December 3, 2008
There is a bite in the air this morning. My four-year-old son plays on the floor in front of the fire with an old bolt inside a small empty box. He zooms his make-believe sled over the carpet. This home is a warm, safe place for my boys to learn and grow. But lately I feel like something is amiss, as if there were an iceberg floating ahead of us, just under the surface.
Winston Churchill said “the further back I look, the further forward I can see,” and so I’m brushing up on the history of the Great Depression. There are some similarities between the stock market crash of 2008 and the crash of 1929 … but there are many more differences.
North America has experienced the same sort of boom era as in the Roaring ’20s, with the mass consumption of goods and huge demand for credit by over-extended consumers. But that is about all that is similar. Through most of the 1920s there was a huge crisis in the farming industry. Farmers were supplying more food than was consumed and were unable to compete in an over-supplied market. The land went fallow and drought wreaked havoc throughout the Prairies. But today farming is stable, technology allows us to work around drought, and globalization connects supplies of food to the demands of a climbing world population.
Today governments understand that they must stimulate an economy gone flat. They are pumping billions into the economy, and have created regulatory backstops like guarantees on bank accounts that protect people from losing everything.
In 1929, the stock market crash turned confident optimism to defeat and despair, which lingered a decade until the war came along. Economists believe that the infusion of capital by the Roosevelt government for the war effort took North America out of the Depression, but the war also gave people a cause to rally around, giving North Americans an opportunity to rise out of despair.
The U.S. government has given billions to most of the large banks, hoping they will free up lending enough to stimulate the economy. Nobody knows if shoring up the big companies is good or bad. People need a reason to believe in the future. They need to be inspired and it will take both passionate leadership and tenacity to rebuild confidence in the system. Instead of focusing on big business, what if the government focused subsidies on small to mid-sized businesses?
Small businesses account for about half of all private sector employees and have generated 60-80 percent of net new jobs over the last decade.
A campaign designed to focus on small businesses in Canada is the key to changing public spirit. Government investment in people, innovation, training, research, and strengthening small businesses could go a long way towards building a stronger economy.

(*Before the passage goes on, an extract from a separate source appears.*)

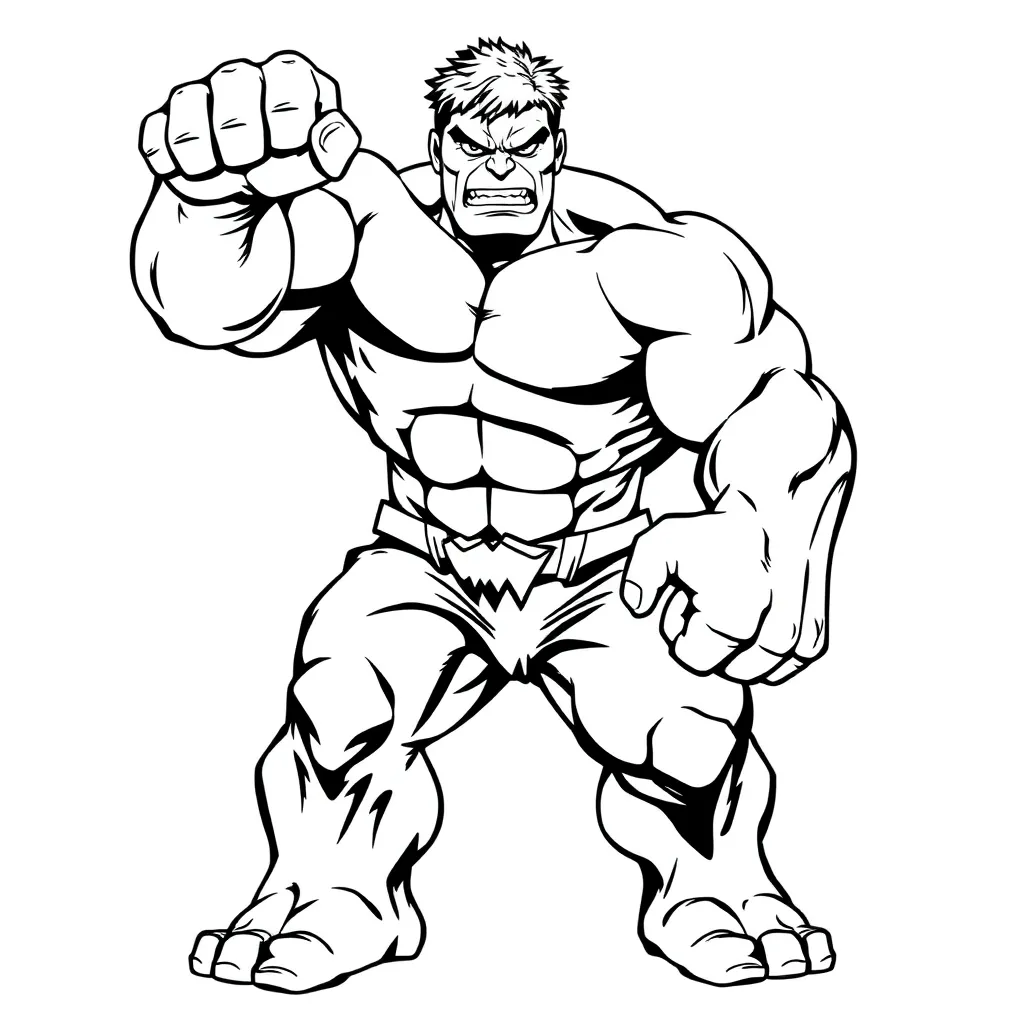 Hulk coloring page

The government must begin to treat “subsidies” as investments rather than bail-outs.
Backing small business puts the money into the hands of people who have a stake in the economy, people who are passionate and driven. Throwing it to big corporations does little but pay off the debt their poor management practices have built up over the years. It buys employees their jobs for a few more months, but little more. Instead, government must approach this as any good investor would: Diversify the investments to minimize loss.
Instead of worrying about how this country will hold on, we should be investing in skill, training, and innovation, building a stronger future. Today’s slogan should be, “Invest in small business, it is our future.”